BeLLM - A Belarusian LLM

Published on Jan 10, 2024

“Language is the road map of a culture. It tells you where its people come from and where they are going.” - Rita Mae Brown

Introduction

The beLLM project pioneers the development of the first Belarusian Large Language Model, inspired by the advancements in NLP for supporting underrepresented languages. This project aims to create a model that understands and generates text in Belarusian, leveraging the rich literary heritage of Belarus. The timeline of the project was from December 2023 to January 2024.

Progress

Project Setup

The project commenced with the architecture design inspired by GPT-2 and nanoGPT. I was referring to the existing implementations and adapting them to the Belarusian language (vocabularies, tokenization, etc.). Also the question of data collection and preprocessing was addressed by manual curation of a dataset. The computational resources were gained through servers of FU Berlin, Math Department.

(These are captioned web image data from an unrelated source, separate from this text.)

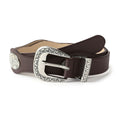 Retro Punk Studded Distressed Leather Belt 6W6JBT172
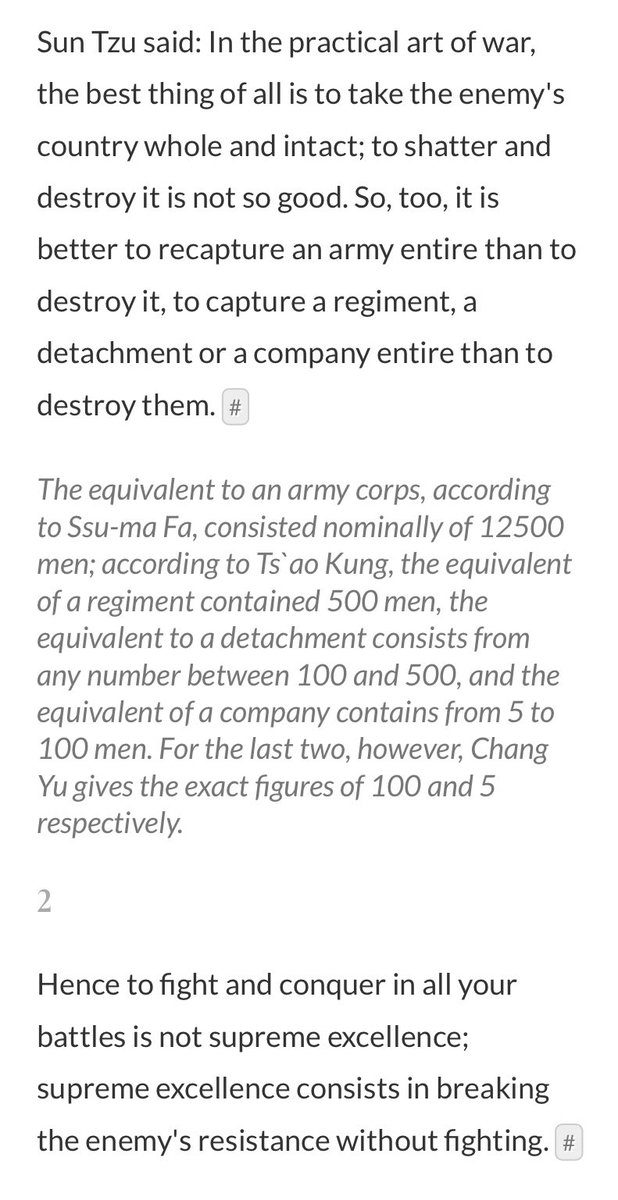 “Hence to fight and conquer in all your battles is not supreme excellence; supreme excellence consists in breaking the enemy's resistance without fighting.” —Sun Tzu, Art of War.How? Endless methods...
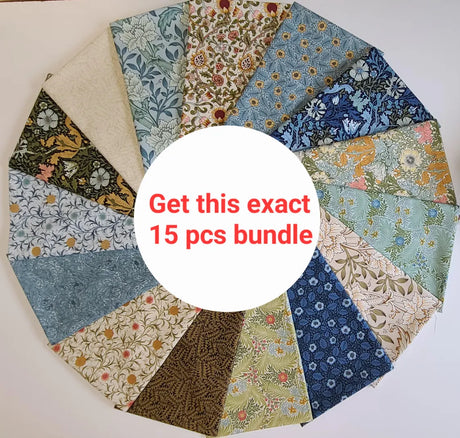 Fat Quarter Bundle Morris Manor Floral Moda Fabrics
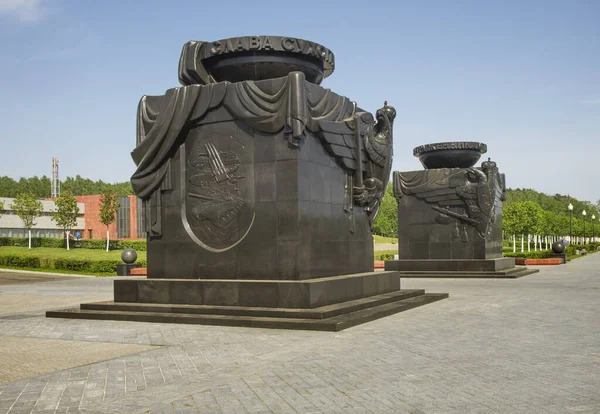 Cemitério Memorial Militar Federal Mytishchi Rússia — Fotografia de Stock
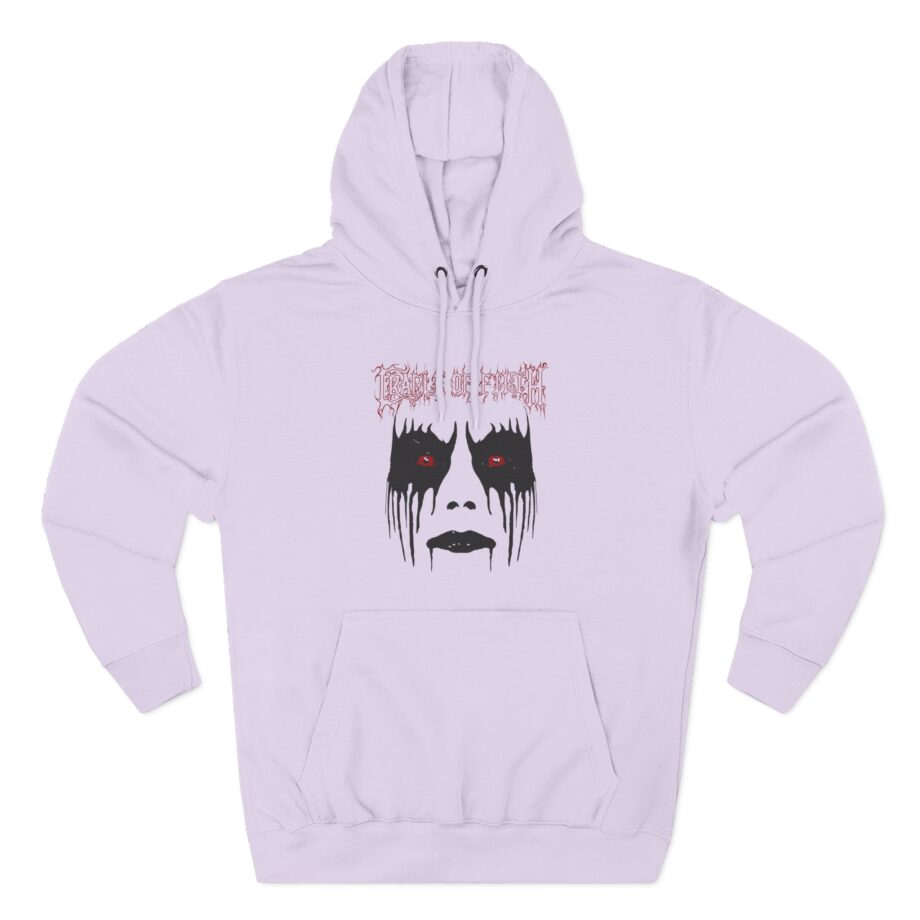 Cradle of Filth Dani Make Up Three-Panel Fleece Hoodie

Data Collection and Preparation

I manually curated and preprocessed a dataset consisting of Belarusian poems and prose. The dataset includes works from notable Belarusian authors and encompasses over 9.5 million characters. The dataset includes the following sources:

Some of the authors included in the dataset:

Maxim Tank (Максім Танк)
Yanka Kupala (Янка Купала)
Yakub Kolas (Якуб Колас)
Maxim Bogdanovich (Максім Багдановіч)
Vasyl Bykov (Васіль Быкаў)
Francishak Bagushevich (Францішак Багушэвіч)
Yanka Bryl (Янка Брыль)

Model Training

The training was conducted using PyTorch on a GPU-accelerated server. The model was trained on the curated dataset for multiple epochs, optimizing the loss function to enhance the model’s language generation capabilities. The total training time was approximately 4 hours and final model size is 125MB.

Results

Header Image

The trained model can generate coherent and contextually appropriate Belarusian text, demonstrating promising capabilities in language generation for an underrepresented language. View generated samples and model performance here.. Also, the models are available on Hugging Face model hub. beLLM on Hugging Face

Technology Learned/Used

Throughout this project, I deepened my expertise in:

PyTorch for model training and development
Python for general programming
NumPy for numerical computations
Pydantic for data validation

Conclusion

beLLM represents a significant step towards enriching the NLP tools available for Belarusian, offering insights and possibilities for future linguistic and cultural studies.